This tiny, well-kept cemetery earned a whoa-back, if not a U-turn when I was driving down Hwy HH in Mississippi county. (Click on it to make it larger.)
Some name confusion
There’s an inlay into the steps leading up to the graveyard that says “Smith-Griggs,” but this marker calls it the Griggs, Smith and Staples Family Cemetery. It was established in 1866.
I couldn’t find much information on it. FindAGrave lists 30 interments.
I was photographing the Morley Community Building – a structure that may have been a bank in an earlier life – and looked down at my feet to see a strange disk that looked like a survey marker. The only thing is that I had never seen one that looked exactly like this one.
Who or what was Norman Lambert?
The round marker bore “Norman Lambert” across the top, some indecipherable marks in the middle, an arrow which pointed approximately north and “LS 1492” or “LS 1402” on the bottom. Click on the photo to make it larger.
A Google search for that name turned up two references: a 2008 Missourian story said the Scott county commissioners met with Norman Lambert of Lambert Engineering and Surveying, engineer for the Scott County Consolidated Drainage District No. 2, during their regular meeting Tuesday. He’s a logical candidate, but I still don’t know what the marker marks.
The other Norman Lambert to pop up was the Lambert who first started tossing rolls in Lambert’s Cafe, which eventually became known as the Home of Throwed Rolls.
Center has seen better days
A peek through the glass front door shows that the roof must be leaking. It’s a shame that such a beautiful building from the outside is being allowed to deteriorate inside.
City dates back to 1868 or 1869
Depending on which source you believe, the city was laid out in 1868 or 1869 by John Morley, a railroad engineer (the civil kind, not the kind that blows a whistle), and it was named for him.
Railroads intersected here
The Iron Mountain Railroad and Louis Houck’s M&A Railroad intersected here. Later, the Missouri Pacific would pass through the town.
Cotton gins are gone
Melons and cotton were important crops in the latter part of the 19th Century and into the 20th. Several cotton gins were built in the town, but none remain today.
These silos are still dominate the skyline, though.
The two most prominent feature in many Bootheel communities include the city limits sign and the water tower. Holland, in Pemiscot county, is not exception. Click on the photos to make them larger.
The 2010 population of Holland was 229 people in 98 households and 62 families. In the 2000 census, the numbers were 246, 96 and 71.
May have been named for J.W. Holland
Place Names of Six Southeast Counties of Missouri identifies Holland as a town in the eastern part of Holland Township on the Frisco Railroad.

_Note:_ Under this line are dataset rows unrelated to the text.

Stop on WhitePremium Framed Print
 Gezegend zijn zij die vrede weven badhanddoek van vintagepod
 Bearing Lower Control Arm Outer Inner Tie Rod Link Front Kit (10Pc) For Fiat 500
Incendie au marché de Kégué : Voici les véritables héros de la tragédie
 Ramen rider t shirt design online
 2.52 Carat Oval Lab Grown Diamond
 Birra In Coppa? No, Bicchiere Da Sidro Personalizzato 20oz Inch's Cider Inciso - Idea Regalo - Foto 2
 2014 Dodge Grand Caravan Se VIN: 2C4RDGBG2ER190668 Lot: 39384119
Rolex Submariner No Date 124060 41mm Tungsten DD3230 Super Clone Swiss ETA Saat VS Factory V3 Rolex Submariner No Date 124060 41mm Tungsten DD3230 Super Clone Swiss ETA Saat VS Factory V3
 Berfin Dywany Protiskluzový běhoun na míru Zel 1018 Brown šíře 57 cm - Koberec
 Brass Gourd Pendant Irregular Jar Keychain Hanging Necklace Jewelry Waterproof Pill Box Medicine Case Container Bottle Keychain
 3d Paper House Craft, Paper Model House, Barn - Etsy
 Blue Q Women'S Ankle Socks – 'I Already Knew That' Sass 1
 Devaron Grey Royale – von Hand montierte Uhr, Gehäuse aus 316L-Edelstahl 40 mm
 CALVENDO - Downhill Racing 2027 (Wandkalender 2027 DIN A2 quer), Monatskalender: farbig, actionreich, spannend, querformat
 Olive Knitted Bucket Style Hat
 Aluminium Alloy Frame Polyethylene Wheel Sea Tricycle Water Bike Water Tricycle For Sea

The first known settlement, which was made in 1871, was known as Middleburg because it was midway between Upper Cowskin (later known as Covington), and Cooter.
The town was laid out in 1902 by J.C. Winters and J.W. Holland and named for the latter. A post office was established in the same year. No proof exists for Eaton’s statement that the town was so named because, like much of the country of Holland, it was built on reclaimed land formerly submerged; however, the selection of Mr. Holland’s name rather than Mr. Winter’s was doubtless influenced by the name of the country.
The first thing I saw when I drove into Holland was a pair of strange-shaped houses, apparently abandoned. My guide, David Kelley, said the builder was trying to provide housing with a bare minimum of materials. Instead of a single building, this one is a series of rooms joined together by hallways.
While cruising around the Bootheel this afternoon, I noticed lots of fields sporting what looked like green, green grass. I asked my guide, David Kelley, what had been planted.
He’s gotten used to my total lack of farming knowledge, so he didn’t even give me the head-shake, eye-roll I deserved. “It’s winter wheat.”
“We’ve already had one night below freezing. The cold weather doesn’t hurt it?”
“Nope.” (I discovered that wheat planted in autumn needs the cold weather to make it “head” in the spring.)
The irrigation system made me think of a huge preying mantis making its way across the field. (Clicking on the photos make them larger.)
Trucks at night
I was a little drowsy, so I pulled into the truck stop at the intersection of I-55 and 80 in New Madrid county for a short nap. It was still light when I stopped, but the sun had just dropped below the horizon when I headed out of the parking lot.
Even though it’s the same intersection where Curator Jessica spotted a Padiddle last year, I couldn’t pass up shooting a picture that will help me illustrate how the Interstate has siphoned traffic off Highway 61.